Should a picture appear anywhere in the data, omit it and copy everything else exactly.

## Dataset excerpt
== Segment start ==
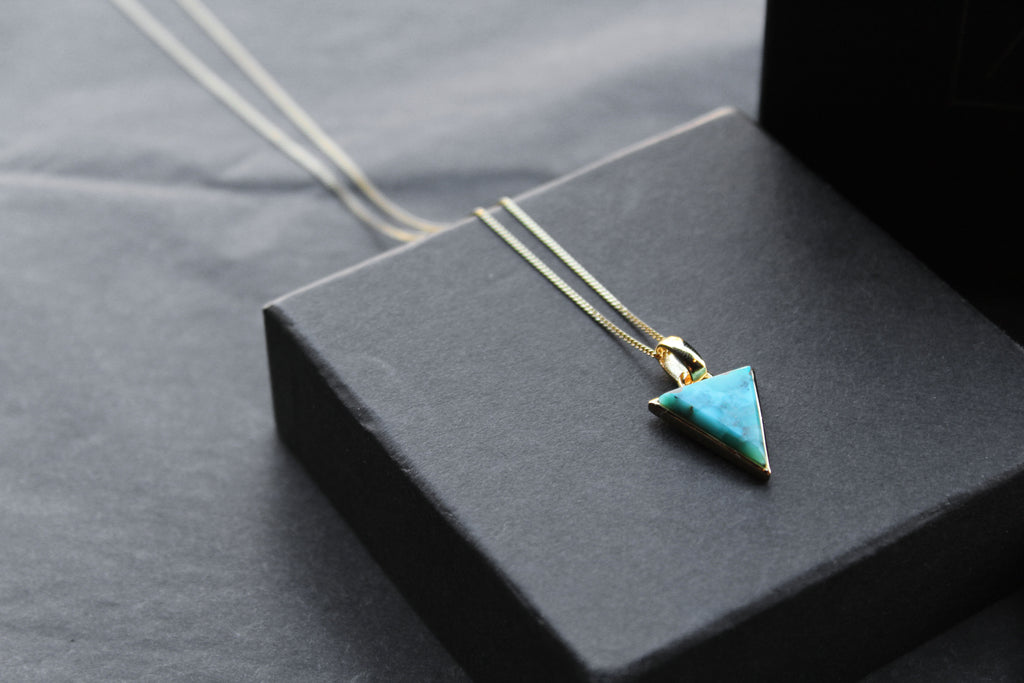 Triangle Turquoise Pendant and Chain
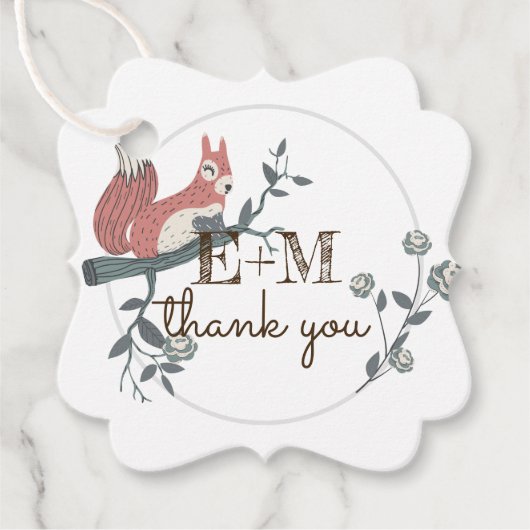 Étiquettes Cadeau Monogramme Merci Bois Rustique Écureuil de la Forê (Devant)
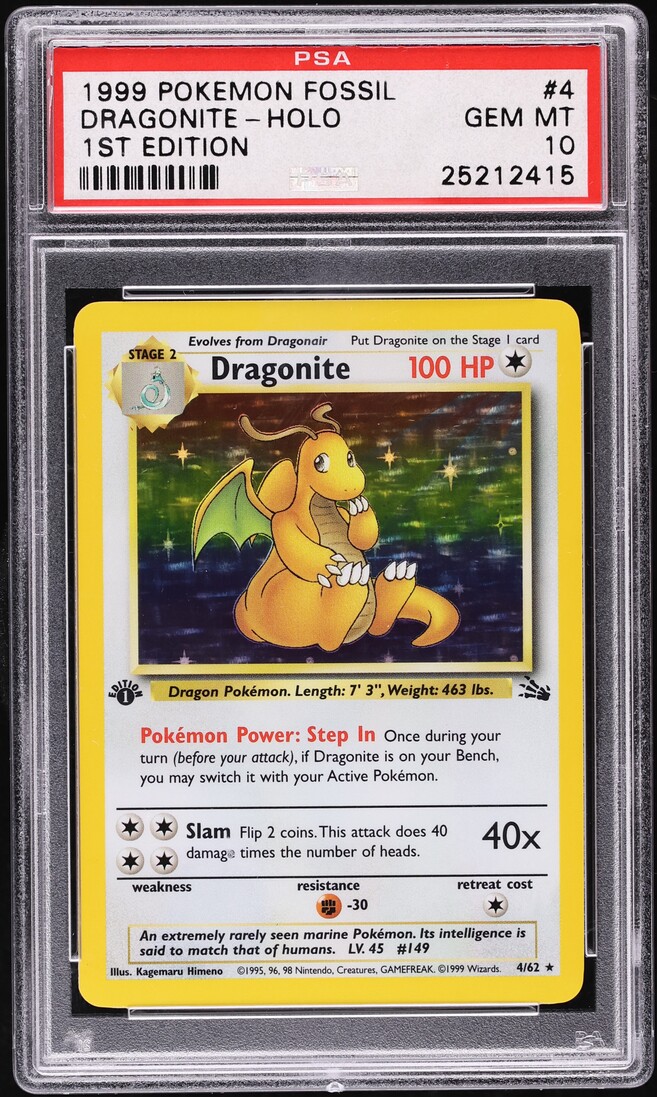 1999 Pokemon Fossil 1st Edition Holo Dragonite #4 PSA 10 GEM MINT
== Segment end ==
## Exercise result
 Triangle Turquoise Pendant and Chain
 Étiquettes Cadeau Monogramme Merci Bois Rustique Écureuil de la Forê (Devant)
 1999 Pokemon Fossil 1st Edition Holo Dragonite #4 PSA 10 GEM MINT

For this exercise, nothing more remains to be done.